Pascal NICOLAS-LE STRAT, juin 2022

[1] Cf. notre article « Quartiers en recherche, quartiers en création. L’expérimentation d’un laboratoire (dé)ambulant de recherche-création dans trois territoires du Nord », publié dans le numéro 7 de la revue Agencements. Recherches et pratiques sociales en expérimentation, 2022, p. 103 à 120. Nous inscrivons notre démarche sous le signe de la déambulation, elle pourrait l’être sous celui de l’itinérance, et ainsi emboîter le pas à Josep RAFANELL i ORRA : « L’itinérant, en s’engageant dans des passages, contribue aux mondes à venir […]. Il sait que pour changer le monde, il lui faut changer de monde. À ses risques et périls », in Itinérances, Éditions Divergences / Laboratoires d’Aubervilliers, 2018, p. 256.

[2] Dans sa thèse, La participation des parents : expérimenter la co-élaboration des savoirs à partir du dispositif de parentalité (Une recherche-action au cœur des Réseaux Parentalité), soutenue en novembre 2021 à l’Université Paris 8 Vincennes Saint-Denis, Régis Garcia fait le constat qu’en matière de politique de parentalité la participation des parents est systématiquement revendiquée alors que, dans les faits, lors de la mise en œuvre des actions, les parents sont les grands absents. Grace à une dynamique ambitieuse de recherche-action, Régis Garcia a, lui, pour sa part, expérimenté des dispositifs effectifs de coopération entre professionnel·les et parents et il a ainsi prouvé que cette participation « affichée » pouvait réellement se « manifester ».

[3] Rachele BORGHI, Décolonialité & privilèges (Devenir complice), éd. Daronnes, 2020, p. 117.

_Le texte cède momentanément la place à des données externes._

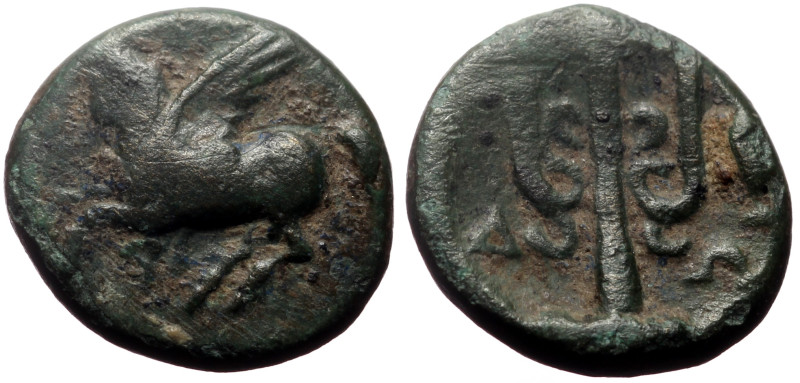 Corinthia, Corinth AE (Bronze, 1.66g, 12mm) ca 303-287 BC. 
Obv: Pegasos flying ...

[4] Je redéploie la question de Gayatri Chakravorty SPIVAK sur le mode : « Les subalternes peuvent-elles faire recherche ? ». Cette question doit devenir une insistance politique au sens d’être sans cesse réengagée. Quand l’autrice déclare que les subalternes ne peuvent pas parler, « cela signifie que, si « parler » implique la parole et l’écoute, cette possibilité d’une réponse, la responsabilité, n’existe pas dans la sphère de la subalterne », in Les subalternes peuvent-elles parler ?, éd. Amsterdam, 2009, p. 107. Faire recherche suppose effectivement d’exercer une faculté mais qui, immédiatement, interroge sa réception et son accueil. Ce faire recherche sera-t-il considéré, discuté, intégré à la communauté académique ? Ce faire recherche sera-t-il écouté ? C’est la raison pour laquelle dans mon épistémopolitique, je ne dissocie jamais le « faire recherche » de la constitution de « communautés épistémiques » en capacité de l’entendre et de le débattre.